Investors are avoiding mostly equities as they do not see any major change in the market sentiment in the next few months. "Although people are not entering stocks, they are not even exiting it as they do not want to cash out in loss. However, some selling could be happening on highs," said a wealth manager.

The benchmark Sensex has fallen more than 40 per cent from its January peak and experts do not see any respite from the falling spree anytime soon. However, experts say that retail investors, though in a small number, are coming to equity mutual funds though systematic investment plans and HNIs are bottom-fishing in the market. They are now looking for value picks as the steep correction has brought a lot of large-cap stocks down to attractive levels.

Says Leslie Menkes, managing director, Onshore Private Wealth Management Asia at Morgan Stanley, "HNIs have become very conservative. They are de-emphasising equity and over-emphasising cash. Lots of them are waiting in the wings for the market to stabilise."

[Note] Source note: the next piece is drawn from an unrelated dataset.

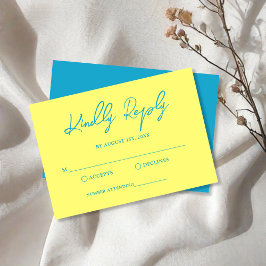 Tarjeta De Confirmación De Asistencia Boda amarillo azul y mantequilla moderno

As a result, fixed income has turned out to be a risk-free investment option, say private banking executives. A majority of the allocation of HNIs nowadays is going towards fixed maturity plans, fixed deposits and short-term (30-90 days) papers.

According to Reserve Bank of India figures, fixed deposits witnessed a sharp growth of Rs 35,403 crore (Rs 354.03 billion) in 30 days ending August 29. FMPs, too, have been attracting a lot of interest as liquid and money market schemes saw inflows of Rs 285,267 crore (Rs 2852.67 billion) in August, according to Association for Mutual Funds in India data.

Investors, who were investing in unrated papers with high coupon rates in search of better returns some months ago, are now taking no risks. They have become more conscious about the quality of credit as the whole subprime issue centred around credit quality.

HNIs had been excessively parking their money in structured products, but with the credit issue once again in the limelight, they are now assessing the payback ability of institutions before investing.

Capital-guaranteed structured products, which have a part of the investment in debt while other is invested in an underlying such as equity, are quite popular in India.

Head of Wealth Management at Centrum, Sriram Venkatasubramanian says, "People have started questioning structured products underwritten by Lehman Brothers. Investors used to allocate at least 10-15 per cent in these products."

A correction in real estate prices coupled with high interest rates has deterred investors from parking their money in flats and plots of land, which earlier used to be a prime destination for HNIs. Commodities are still not a very popular asset class in India. However, say wealth managers, of late investors have started investing in gold with global inflation at a high.